The Rubber Ducky Place

I had to work tonight, which although this post will date itself the 26th, it is still the 25th to me.  Working 4p to 12:30a on Christmas. And while I choose at this point for Christmas to be pretty much like any another day to me, I cannot help but be in the midst of everyone else's holiday. I had more than my usual number of text exchanges before I went to work.

One such exchange was with Kathleen. She asked me if the money would be good, if I was still working at the Rubber Ducky Place.  That made me laugh out loud.  Everyone who knows about my currents source of income knows about the ducks!  From now on I will be calling it just that.  The Rubber Ducky Place.  It is such a bizarre job. It has this intimate, mostly regulars feel, and some of my customers call it Cheers, because I bother to remember their name and what they drink and smoke.  Has it not occurred to them that Cheers was really a bar full of addicts who had no life without the drink? Or that my reason for being there is to take their money, like Sam and Carla? My hope being if they like me and the service they receive, that they will rejoice in giving me more money.  I keep a firm line in the sand and I do not socialize with customers, ever.  There are many I genuinely like, and a select few that I might hang out with were they not my customers, who drink and gamble for fun.  But, honestly, I am not looking to make any friends, only money.

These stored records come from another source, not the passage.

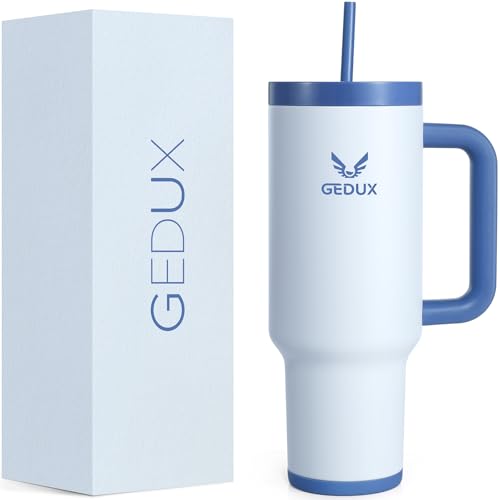 Gedux Trinkflasche mit Strohhalm 1.2L - Thermobecher mit Henkel auslaufsicher - Doppelwandige Vakuumisolierung - Thermobecher mit StrohhalmSpritzwassergeschützter Deckel (Hellblauer) von Gedux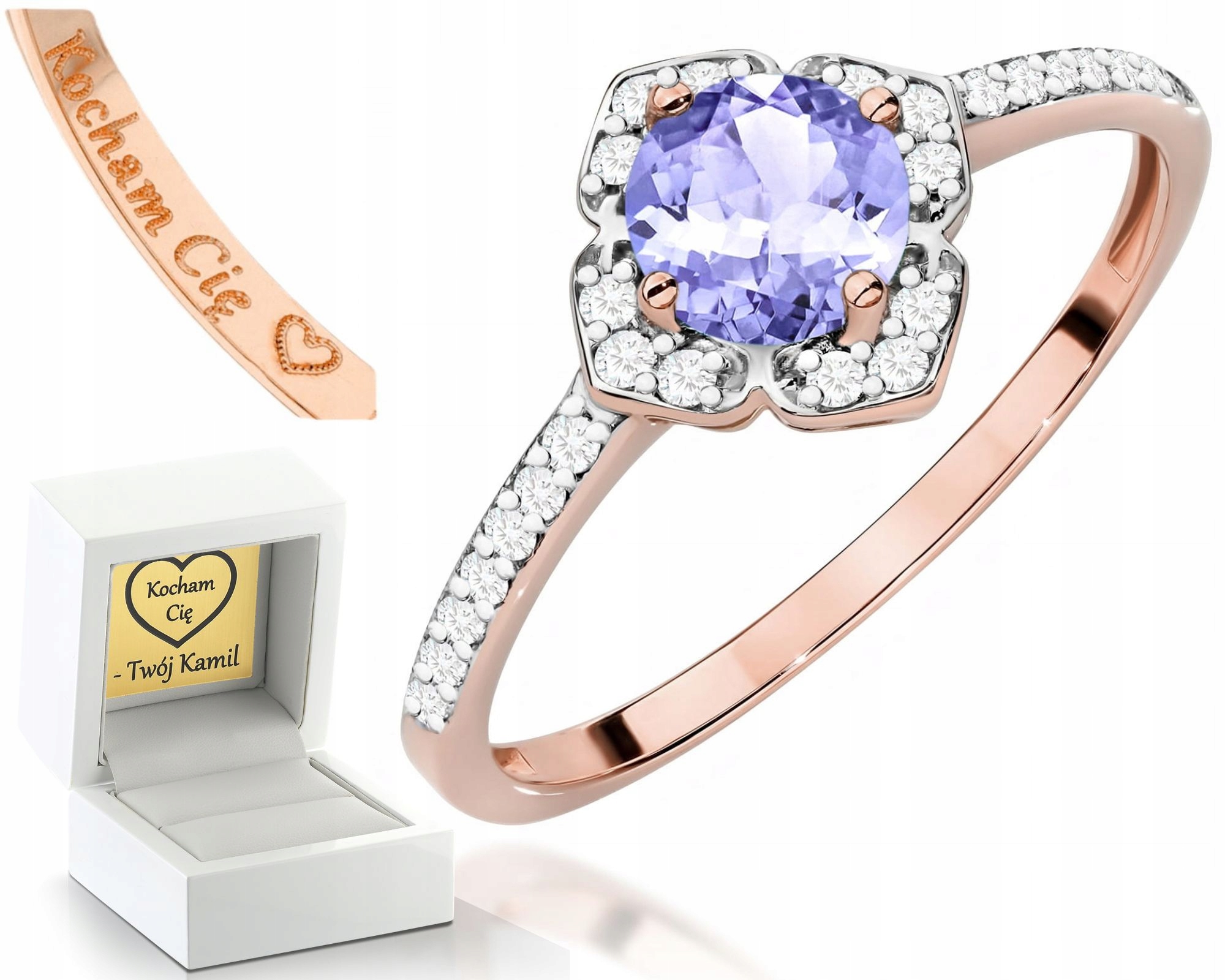 Růžový Zlatý Prstýnek S Tanzanitem A Diamanty, Zlato 585, Dárek Gravírování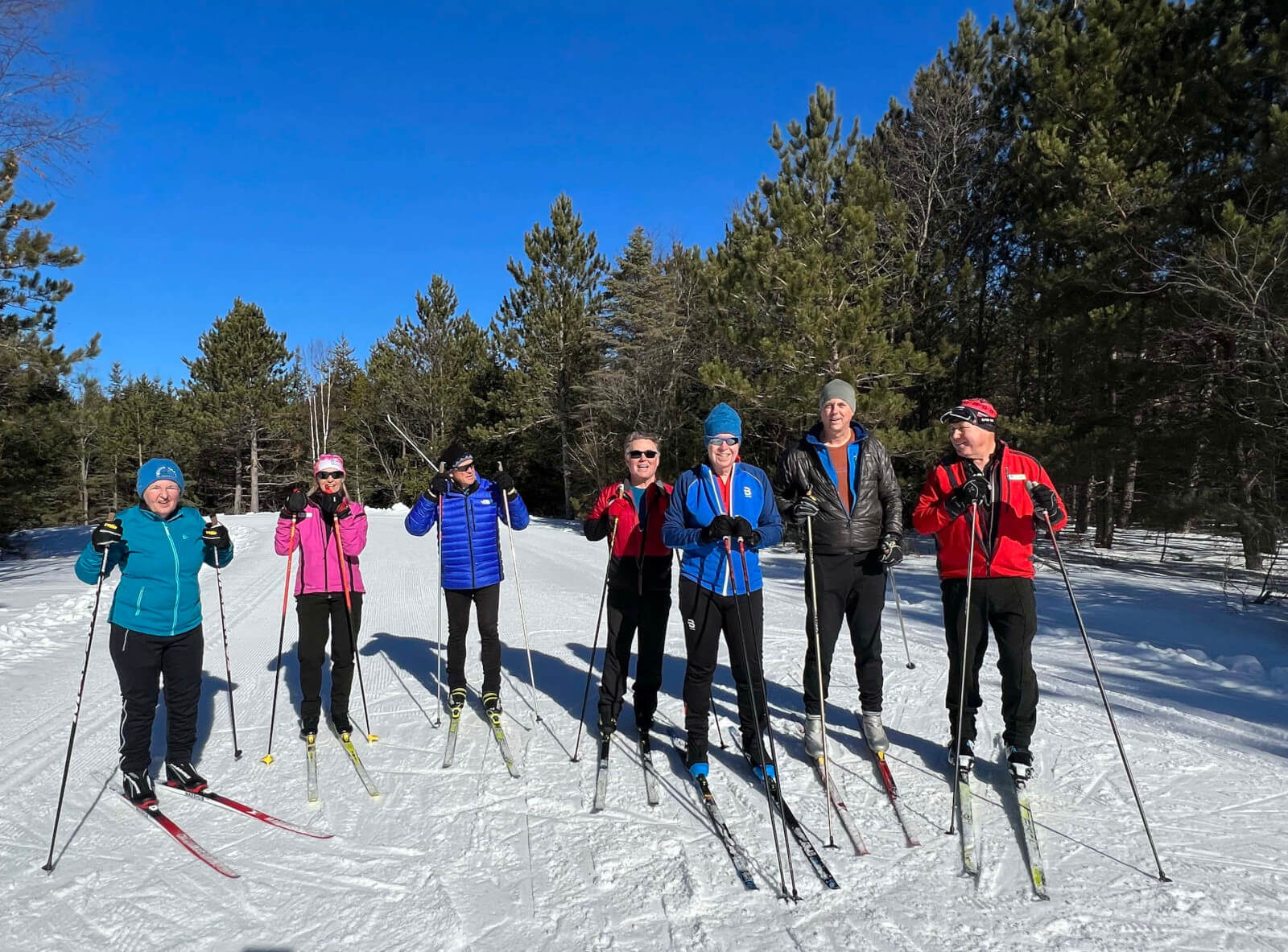 Classic cross country skiers at PSIA clinic at Forbush Corner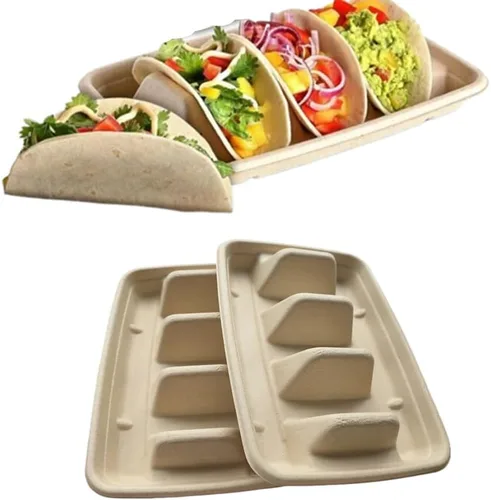 Miniatura 3 de Ebonee Soportes desechables para tacos con 3 divisores, platos de papel para 3 tacos, recipientes de papel para platos de tacos de fiesta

Holidays can go either way financially, I cleaned up on Thanksgiving this year.  I've tracked my income for my entire tenure and this is my 5th Christmas. Tonight it was painfully slow. I was on the cranky side internally.  First I forgot my phone charger, dammit! Jim!, if I can play games and go online, at least I have something to do.  My phone will not sustain 8 hours of constant use without juice. Second, if I'm not making money, the Rubber Ducky Place is horrific.  And on Christmas, my favorite customers, the ones who play big, hit large and share, are home with their families. What's left is the lowest level of player, the pathetic ones, who play the minimum lose the paltry amount of money they brought in, then go outside to scape up a dollar in change from the floor of their car, if they have one.

The store I currently work in is far south and not easily accessible even by bus, I so no longer have many customers who don't have a car or at least access to one. I clung to the gratitude of that tonight.  I spent the two prior Christmas' in a store in just about the worst part of town, where the pathetic ones out numbered the good ones by a lot, and it was a good shift if I didn't have to kick someone out.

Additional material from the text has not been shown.